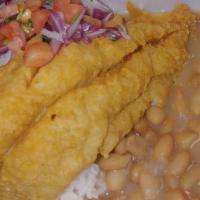 Pescado Frito C. Frijoles, Arroz Y Sarza · Fried Fish Filet served over Beans and White rice, served with side of Sarza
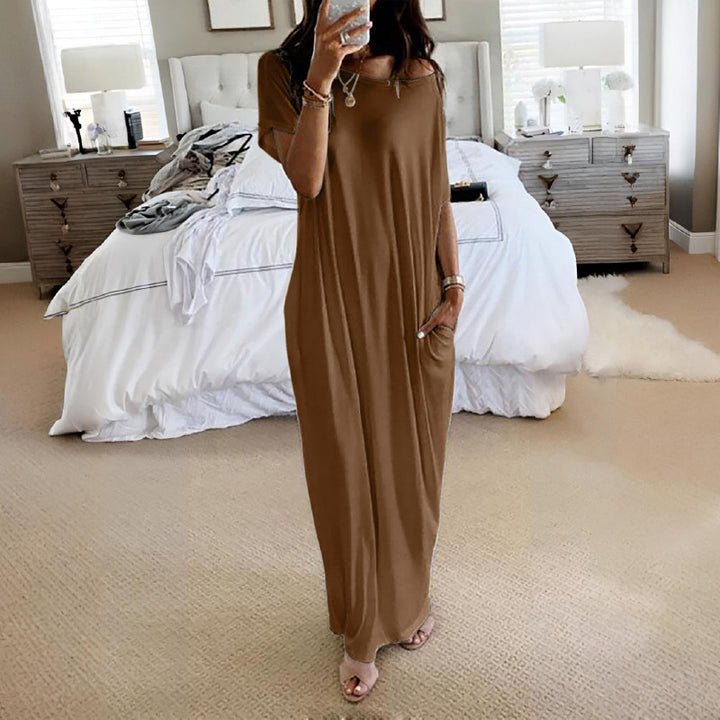 Women Loose Maxi Dress with Animal Print and Side Pockets Lune London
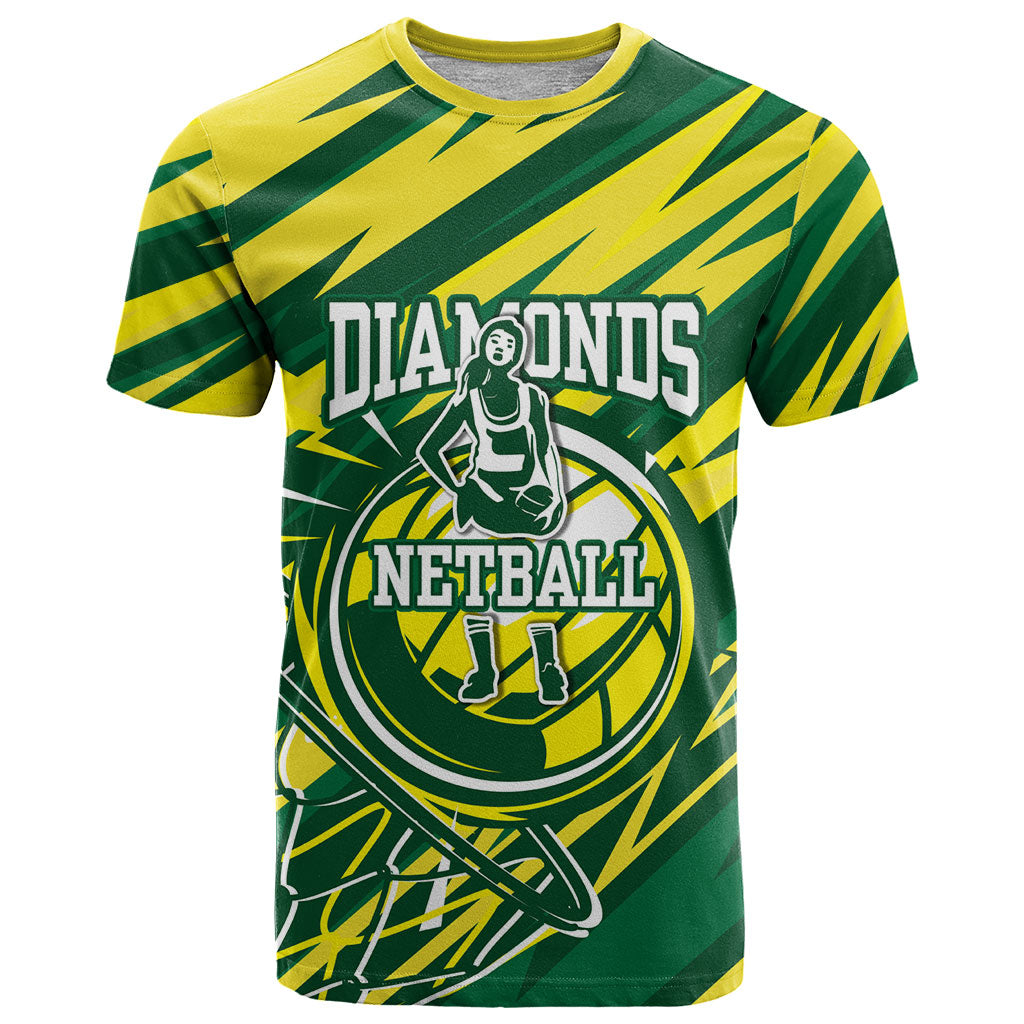 Australian Diamonds Netball T Shirt Sharp Abstract Slash Pattern With Netball Graphic Art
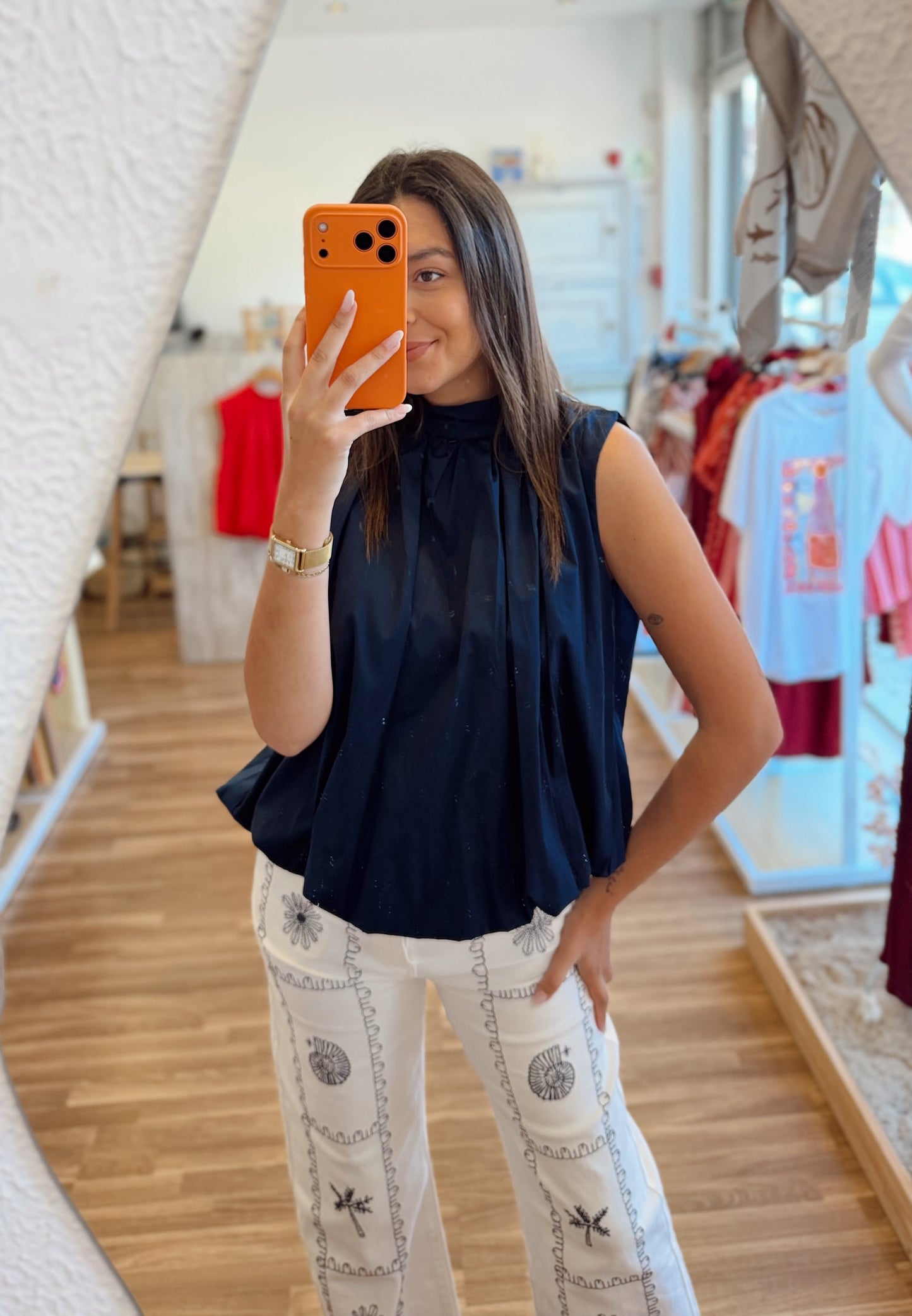 Top Halter em Popelina com Costas Abertas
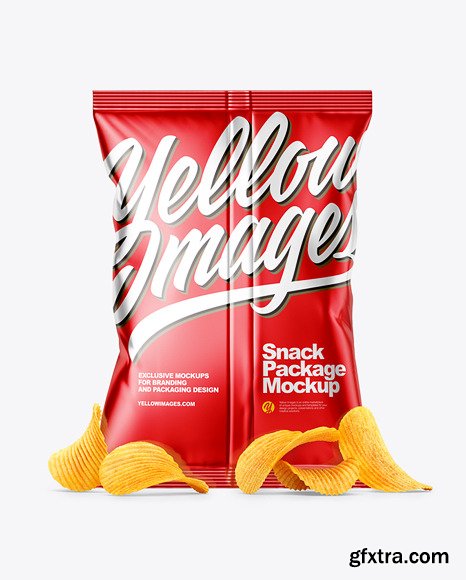 Metallic Snack Package with Riffled Potato ChipS Mockup 58919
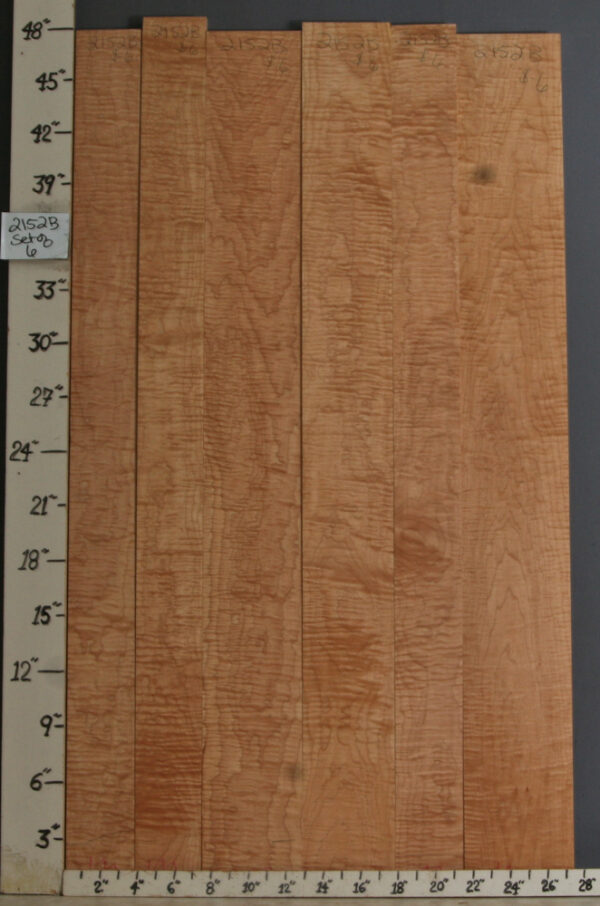 MUSICAL CURLY MAPLE 6 BOARD SET OF LUMBER 27" X 48" X 4/4 (NWT2152B)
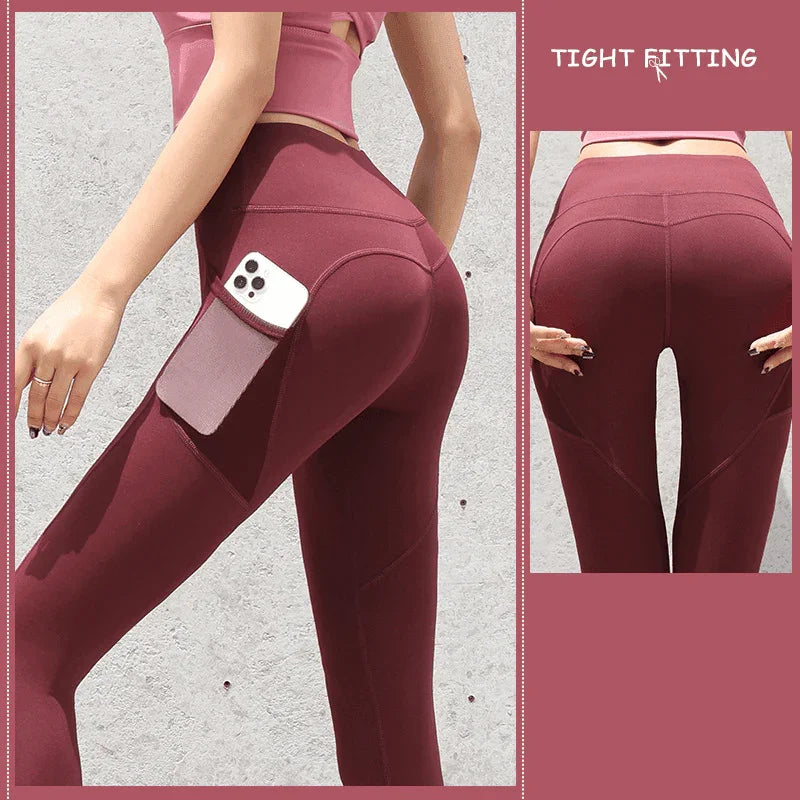 Gym Sport Seamless Leggings With Pockets Push Up High Waist Pants Women Fitness Running Yoga Pants Gym Sport Seamless Leggings - Anam Online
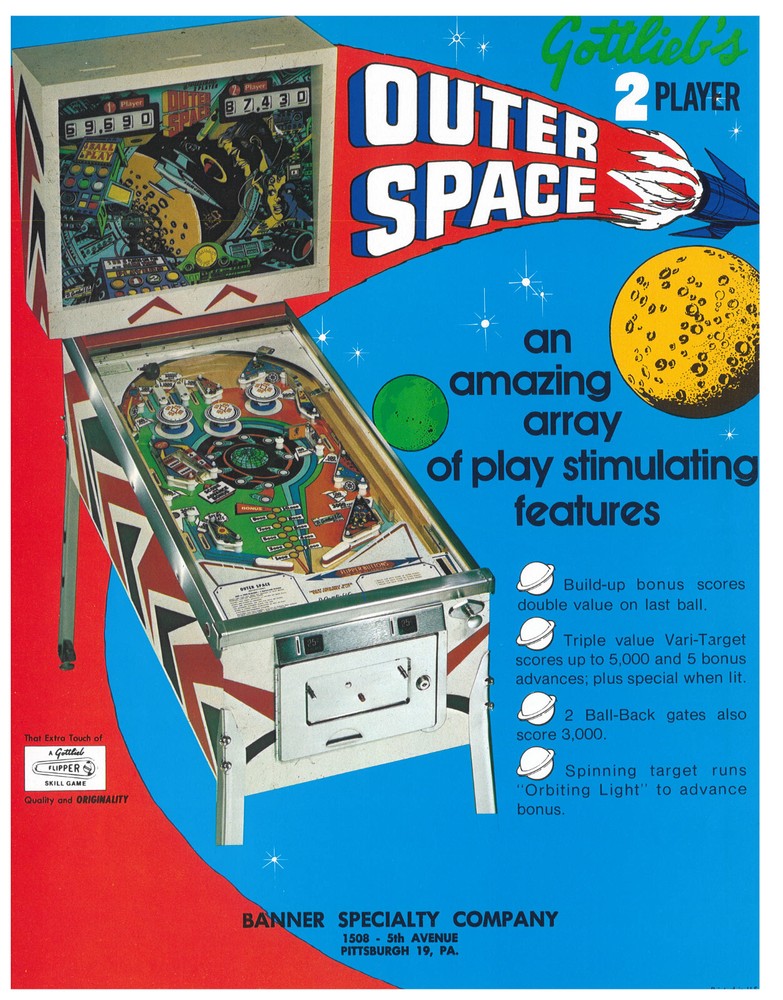Outer Space Gottlieb Pinball Flyer / Brochure / Ad- Mint Condition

> _What is being asked_: Exactly the lines from the one containing "MUSICAL CURLY MAPLE" through the last line of the material above, both included and free of pictures, should make up your answer, please.

> _Exercise solution_:
 MUSICAL CURLY MAPLE 6 BOARD SET OF LUMBER 27" X 48" X 4/4 (NWT2152B)
 Gym Sport Seamless Leggings With Pockets Push Up High Waist Pants Women Fitness Running Yoga Pants Gym Sport Seamless Leggings - Anam Online
Outer Space Gottlieb Pinball Flyer / Brochure / Ad- Mint Condition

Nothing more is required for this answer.